Schmidt tornou-se num dos únicos quatro cidadãos que o conseguiram desde que em Junho entrou em vigor a mais recente regulamentação da Lei da Nacionalidade, em que entraram mais de 1630 pedidos, quase 1100 de brasileiros (os dados são de final de Janeiro, três das quatro concessões são de brasileiros). O pedido foi feito com carácter de urgência por causa do processo de extradição - e seria diferido pelo Instituto dos Registos e Notariado - “com fundamento na circunstância, invocada pelo requerente, de que o tempo da tramitação processual poderia causar prejuízos irreparáveis uma vez que, na perspectiva do requerente, a aquisição da nacionalidade originária afastaria a possibilidade de extradição”, explicou o Ministério da Justiça numa nota.

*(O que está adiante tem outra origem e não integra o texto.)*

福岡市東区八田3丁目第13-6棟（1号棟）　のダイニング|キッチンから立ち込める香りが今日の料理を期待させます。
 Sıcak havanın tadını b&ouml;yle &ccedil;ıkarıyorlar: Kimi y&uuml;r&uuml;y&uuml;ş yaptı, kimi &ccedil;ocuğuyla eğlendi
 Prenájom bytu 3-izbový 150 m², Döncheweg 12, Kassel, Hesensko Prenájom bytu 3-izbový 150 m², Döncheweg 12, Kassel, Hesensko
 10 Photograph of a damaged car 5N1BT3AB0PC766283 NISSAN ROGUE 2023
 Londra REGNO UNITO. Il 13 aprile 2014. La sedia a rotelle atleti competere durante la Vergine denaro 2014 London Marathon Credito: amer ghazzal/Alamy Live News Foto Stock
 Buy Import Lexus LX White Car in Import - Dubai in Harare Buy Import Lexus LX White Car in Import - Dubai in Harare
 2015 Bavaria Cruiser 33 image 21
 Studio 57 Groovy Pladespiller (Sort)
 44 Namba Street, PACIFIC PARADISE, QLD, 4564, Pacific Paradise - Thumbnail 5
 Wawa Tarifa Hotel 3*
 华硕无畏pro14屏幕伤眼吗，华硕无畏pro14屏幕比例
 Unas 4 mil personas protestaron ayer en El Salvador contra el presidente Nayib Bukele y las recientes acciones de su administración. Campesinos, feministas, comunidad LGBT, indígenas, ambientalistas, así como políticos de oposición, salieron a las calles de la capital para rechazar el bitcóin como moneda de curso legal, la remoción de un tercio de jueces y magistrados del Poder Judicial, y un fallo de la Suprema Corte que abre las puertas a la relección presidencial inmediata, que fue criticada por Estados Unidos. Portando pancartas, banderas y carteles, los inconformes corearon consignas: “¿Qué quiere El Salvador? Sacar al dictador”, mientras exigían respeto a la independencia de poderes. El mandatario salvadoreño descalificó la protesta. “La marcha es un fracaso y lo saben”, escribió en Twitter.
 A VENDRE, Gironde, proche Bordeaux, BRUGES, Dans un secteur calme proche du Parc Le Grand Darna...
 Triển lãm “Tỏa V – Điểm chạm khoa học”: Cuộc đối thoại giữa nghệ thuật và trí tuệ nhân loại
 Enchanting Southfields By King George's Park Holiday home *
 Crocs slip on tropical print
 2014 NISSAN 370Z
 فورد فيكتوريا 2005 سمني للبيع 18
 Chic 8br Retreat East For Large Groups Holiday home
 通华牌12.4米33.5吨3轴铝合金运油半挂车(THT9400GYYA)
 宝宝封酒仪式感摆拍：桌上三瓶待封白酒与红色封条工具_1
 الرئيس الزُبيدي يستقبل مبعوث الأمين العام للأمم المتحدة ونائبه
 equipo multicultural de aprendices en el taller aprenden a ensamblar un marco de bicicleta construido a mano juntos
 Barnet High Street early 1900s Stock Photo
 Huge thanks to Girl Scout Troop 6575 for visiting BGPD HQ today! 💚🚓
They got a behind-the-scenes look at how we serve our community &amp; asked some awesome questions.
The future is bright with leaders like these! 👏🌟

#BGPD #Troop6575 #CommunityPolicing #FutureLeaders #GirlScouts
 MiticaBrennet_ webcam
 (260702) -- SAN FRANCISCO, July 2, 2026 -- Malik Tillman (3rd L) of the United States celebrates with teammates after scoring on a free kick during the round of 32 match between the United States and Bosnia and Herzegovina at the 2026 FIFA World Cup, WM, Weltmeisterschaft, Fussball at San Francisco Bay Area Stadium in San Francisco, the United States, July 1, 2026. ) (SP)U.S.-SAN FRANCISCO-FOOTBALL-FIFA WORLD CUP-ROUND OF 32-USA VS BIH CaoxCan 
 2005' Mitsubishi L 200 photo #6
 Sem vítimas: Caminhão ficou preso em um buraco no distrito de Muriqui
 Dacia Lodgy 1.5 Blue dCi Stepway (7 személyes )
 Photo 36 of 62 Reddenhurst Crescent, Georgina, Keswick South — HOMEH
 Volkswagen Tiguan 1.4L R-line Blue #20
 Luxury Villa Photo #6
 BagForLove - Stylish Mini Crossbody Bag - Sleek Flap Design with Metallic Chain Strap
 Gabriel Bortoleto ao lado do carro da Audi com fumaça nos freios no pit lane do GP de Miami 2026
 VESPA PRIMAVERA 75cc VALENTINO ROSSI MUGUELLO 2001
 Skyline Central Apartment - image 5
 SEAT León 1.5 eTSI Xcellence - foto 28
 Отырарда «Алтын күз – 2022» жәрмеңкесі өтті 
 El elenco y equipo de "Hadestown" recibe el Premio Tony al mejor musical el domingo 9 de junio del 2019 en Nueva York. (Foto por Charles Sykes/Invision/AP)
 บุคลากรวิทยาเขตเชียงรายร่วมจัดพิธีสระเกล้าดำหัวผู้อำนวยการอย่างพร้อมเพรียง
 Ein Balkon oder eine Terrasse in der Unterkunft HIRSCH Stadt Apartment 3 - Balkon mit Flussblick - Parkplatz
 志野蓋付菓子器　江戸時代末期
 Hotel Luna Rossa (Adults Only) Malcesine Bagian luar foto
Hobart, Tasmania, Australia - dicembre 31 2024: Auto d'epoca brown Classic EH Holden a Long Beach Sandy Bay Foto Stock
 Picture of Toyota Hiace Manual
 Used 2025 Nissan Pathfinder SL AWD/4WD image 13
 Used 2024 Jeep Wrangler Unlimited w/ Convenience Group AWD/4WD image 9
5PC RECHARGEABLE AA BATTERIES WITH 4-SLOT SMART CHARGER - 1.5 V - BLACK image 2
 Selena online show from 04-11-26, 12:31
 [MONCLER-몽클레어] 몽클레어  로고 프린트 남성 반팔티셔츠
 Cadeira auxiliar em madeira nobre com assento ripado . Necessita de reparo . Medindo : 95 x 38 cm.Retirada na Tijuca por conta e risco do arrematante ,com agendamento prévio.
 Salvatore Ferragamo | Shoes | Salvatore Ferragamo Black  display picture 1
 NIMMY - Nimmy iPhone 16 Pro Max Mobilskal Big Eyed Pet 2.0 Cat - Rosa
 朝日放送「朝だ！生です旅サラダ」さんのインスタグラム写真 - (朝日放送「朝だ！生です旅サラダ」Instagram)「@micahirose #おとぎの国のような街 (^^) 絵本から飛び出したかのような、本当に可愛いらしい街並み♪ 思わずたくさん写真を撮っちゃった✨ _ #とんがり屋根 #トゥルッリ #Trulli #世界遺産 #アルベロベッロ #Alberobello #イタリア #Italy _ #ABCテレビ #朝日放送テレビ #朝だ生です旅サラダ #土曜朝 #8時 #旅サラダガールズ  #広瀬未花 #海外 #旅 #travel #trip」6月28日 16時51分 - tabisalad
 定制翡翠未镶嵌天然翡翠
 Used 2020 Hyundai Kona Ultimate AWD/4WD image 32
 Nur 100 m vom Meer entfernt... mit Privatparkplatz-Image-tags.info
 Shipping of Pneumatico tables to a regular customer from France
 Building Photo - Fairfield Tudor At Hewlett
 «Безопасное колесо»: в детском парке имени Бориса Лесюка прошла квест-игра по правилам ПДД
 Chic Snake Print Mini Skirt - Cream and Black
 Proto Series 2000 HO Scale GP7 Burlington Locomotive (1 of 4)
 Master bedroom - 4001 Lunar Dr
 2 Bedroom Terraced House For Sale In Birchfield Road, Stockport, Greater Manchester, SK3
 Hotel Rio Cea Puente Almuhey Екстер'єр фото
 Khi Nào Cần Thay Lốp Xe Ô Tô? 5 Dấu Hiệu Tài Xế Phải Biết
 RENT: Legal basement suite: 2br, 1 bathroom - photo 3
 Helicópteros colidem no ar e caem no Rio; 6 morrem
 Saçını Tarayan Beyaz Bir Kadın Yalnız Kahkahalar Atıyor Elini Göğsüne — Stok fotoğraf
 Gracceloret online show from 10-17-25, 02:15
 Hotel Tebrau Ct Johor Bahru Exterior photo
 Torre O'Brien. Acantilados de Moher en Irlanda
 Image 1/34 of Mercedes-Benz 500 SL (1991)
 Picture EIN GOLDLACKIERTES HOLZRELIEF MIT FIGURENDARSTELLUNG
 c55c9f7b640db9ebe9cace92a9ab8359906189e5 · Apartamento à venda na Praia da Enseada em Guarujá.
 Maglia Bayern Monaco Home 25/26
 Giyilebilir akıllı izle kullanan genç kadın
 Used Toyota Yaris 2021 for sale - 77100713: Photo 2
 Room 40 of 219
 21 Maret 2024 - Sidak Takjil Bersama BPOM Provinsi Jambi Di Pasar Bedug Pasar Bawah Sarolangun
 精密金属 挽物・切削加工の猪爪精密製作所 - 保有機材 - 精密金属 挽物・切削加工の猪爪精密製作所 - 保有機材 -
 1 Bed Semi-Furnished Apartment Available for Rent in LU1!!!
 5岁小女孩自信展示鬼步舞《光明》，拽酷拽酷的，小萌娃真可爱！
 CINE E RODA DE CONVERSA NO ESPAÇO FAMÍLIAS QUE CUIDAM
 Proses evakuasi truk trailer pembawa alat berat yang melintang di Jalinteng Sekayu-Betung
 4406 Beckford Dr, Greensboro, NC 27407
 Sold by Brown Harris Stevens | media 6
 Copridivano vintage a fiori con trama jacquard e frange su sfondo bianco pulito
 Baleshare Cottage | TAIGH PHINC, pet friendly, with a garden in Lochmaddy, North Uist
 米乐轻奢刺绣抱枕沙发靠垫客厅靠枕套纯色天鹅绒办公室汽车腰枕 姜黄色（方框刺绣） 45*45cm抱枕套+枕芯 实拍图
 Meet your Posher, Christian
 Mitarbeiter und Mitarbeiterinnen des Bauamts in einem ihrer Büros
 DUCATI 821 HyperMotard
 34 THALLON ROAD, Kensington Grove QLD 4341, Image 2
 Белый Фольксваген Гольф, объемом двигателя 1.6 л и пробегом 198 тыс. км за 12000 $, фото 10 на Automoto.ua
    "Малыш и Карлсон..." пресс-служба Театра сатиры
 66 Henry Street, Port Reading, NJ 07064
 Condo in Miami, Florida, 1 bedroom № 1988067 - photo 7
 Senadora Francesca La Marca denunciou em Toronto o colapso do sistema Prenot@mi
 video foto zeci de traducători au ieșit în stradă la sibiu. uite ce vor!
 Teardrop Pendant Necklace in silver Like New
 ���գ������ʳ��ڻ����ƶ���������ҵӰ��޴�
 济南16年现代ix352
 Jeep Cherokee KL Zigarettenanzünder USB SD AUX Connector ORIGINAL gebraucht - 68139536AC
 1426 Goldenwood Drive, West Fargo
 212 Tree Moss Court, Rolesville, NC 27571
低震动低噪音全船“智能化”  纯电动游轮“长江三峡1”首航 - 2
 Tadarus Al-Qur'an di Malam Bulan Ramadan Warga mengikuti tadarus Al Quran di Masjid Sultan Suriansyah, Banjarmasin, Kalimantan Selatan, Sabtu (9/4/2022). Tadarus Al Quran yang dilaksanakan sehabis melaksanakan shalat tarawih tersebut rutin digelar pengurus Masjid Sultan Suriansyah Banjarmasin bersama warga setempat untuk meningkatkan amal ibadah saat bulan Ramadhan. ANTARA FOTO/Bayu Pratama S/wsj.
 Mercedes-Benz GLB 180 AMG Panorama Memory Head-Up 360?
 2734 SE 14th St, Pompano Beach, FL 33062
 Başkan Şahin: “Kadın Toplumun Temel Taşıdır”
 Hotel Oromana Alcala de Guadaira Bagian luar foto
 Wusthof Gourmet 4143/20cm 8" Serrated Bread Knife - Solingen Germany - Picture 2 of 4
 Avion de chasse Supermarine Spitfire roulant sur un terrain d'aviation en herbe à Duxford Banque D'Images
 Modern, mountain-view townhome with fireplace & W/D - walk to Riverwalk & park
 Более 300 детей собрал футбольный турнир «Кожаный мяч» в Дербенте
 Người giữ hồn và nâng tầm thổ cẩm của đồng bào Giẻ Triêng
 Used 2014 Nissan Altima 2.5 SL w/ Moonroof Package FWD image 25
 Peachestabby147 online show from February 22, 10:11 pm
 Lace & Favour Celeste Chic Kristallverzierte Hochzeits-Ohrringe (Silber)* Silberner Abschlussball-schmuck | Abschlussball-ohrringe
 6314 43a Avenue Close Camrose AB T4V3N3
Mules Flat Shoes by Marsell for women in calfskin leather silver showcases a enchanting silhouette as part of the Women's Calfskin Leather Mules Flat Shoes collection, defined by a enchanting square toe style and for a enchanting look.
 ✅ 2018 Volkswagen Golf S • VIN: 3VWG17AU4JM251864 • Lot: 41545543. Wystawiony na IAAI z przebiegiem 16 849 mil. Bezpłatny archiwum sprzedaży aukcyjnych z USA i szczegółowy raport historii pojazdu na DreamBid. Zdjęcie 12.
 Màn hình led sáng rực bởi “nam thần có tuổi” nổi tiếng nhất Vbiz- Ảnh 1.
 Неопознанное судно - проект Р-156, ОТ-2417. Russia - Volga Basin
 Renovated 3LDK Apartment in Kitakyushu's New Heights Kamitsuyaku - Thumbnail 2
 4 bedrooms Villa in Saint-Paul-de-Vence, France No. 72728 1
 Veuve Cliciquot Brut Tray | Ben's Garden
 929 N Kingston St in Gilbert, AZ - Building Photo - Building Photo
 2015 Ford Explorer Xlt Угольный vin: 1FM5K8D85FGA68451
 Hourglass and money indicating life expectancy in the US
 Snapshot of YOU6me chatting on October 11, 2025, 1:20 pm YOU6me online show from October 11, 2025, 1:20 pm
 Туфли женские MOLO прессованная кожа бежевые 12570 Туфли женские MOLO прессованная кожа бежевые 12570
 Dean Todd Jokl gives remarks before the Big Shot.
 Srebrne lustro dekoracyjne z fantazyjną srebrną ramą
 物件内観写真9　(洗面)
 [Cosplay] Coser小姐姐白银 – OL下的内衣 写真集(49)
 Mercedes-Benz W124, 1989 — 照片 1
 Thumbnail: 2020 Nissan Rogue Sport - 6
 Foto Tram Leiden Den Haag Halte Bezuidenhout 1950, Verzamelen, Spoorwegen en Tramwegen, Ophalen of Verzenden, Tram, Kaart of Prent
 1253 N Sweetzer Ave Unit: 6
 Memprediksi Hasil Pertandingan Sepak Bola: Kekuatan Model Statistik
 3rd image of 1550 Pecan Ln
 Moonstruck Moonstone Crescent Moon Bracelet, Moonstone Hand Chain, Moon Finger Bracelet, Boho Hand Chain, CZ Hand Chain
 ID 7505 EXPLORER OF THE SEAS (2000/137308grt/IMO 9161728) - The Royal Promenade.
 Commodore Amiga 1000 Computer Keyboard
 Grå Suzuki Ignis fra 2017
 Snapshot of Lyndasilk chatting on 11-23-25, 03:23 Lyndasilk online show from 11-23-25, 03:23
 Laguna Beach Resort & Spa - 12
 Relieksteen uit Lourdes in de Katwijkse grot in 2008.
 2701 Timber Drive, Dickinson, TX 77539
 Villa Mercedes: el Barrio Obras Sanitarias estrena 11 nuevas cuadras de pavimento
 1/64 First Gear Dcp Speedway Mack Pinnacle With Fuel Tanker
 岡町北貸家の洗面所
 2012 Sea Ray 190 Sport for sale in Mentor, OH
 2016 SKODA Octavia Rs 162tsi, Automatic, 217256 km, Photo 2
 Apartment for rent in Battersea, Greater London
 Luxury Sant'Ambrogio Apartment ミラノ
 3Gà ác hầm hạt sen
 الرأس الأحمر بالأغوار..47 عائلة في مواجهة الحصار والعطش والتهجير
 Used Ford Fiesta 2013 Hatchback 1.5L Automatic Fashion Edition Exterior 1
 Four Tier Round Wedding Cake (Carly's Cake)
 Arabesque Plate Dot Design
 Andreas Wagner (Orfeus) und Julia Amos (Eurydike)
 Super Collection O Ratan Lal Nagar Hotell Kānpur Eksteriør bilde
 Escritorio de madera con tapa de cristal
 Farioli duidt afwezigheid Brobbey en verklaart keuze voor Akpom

A lei, que estava por regulamentar há dois anos, passou a permitir que “os indivíduos nascidos no estrangeiro com, pelo menos, um ascendente do segundo grau da linha recta de nacionalidade portuguesa” possam ser portugueses de origem.
A lei impede a extradição para os países com os quais não há reciprocidade nessa matéria, como é o caso do Brasil, alegam os advogados.
Na quarta-feira passada o Supremo Tribunal de Justiça (STJ) recusou o pedido de libertação, justificando que “não compete nos autos do habeas corpus "sindicar o mérito" ou a forma como o TRL decidiu extraditar o empresário luso-brasileiro. Além disso, o STJ afirmou que "a prisão em causa (...) não é ilegal, nem patente, grosseira, arbitrária ou chocante (casos em que a providência de habeas corpus funciona)".
Houve uma declaração de voto do juiz conselheiro Santos Cabral a defender que a resolução da questão sobre o estatuto da nacionalidade originária deve ser "prévia à efectivação da extradição", pois, em seu entender, tem "virtualidade para que seja decretada a sua inadmissibilidade jurídica", escreveu na altura a Lusa.
Segundo o STJ a decisão do TRL foi tomada em Dezembro de 2016, quando Raul Schmidt era um "cidadão português naturalizado" e só em Janeiro de 2018, "muito tempo depois da prolação do acórdão da Relação, é que passou a ser português originário".
O STJ transcreveu os artigos da lei sobre os efeitos da atribuição e alterações da nacionalidade, em que se refere que a atribuição da nacionalidade portuguesa produz efeitos desde o nascimento, sem prejuízo da validade das relações jurídicas anteriormente estabelecidas com base noutra nacionalidade.
Serão estas questões que a Comissão de Assuntos Constitucionais, Direitos, Liberdades e Garantias estará a analisar.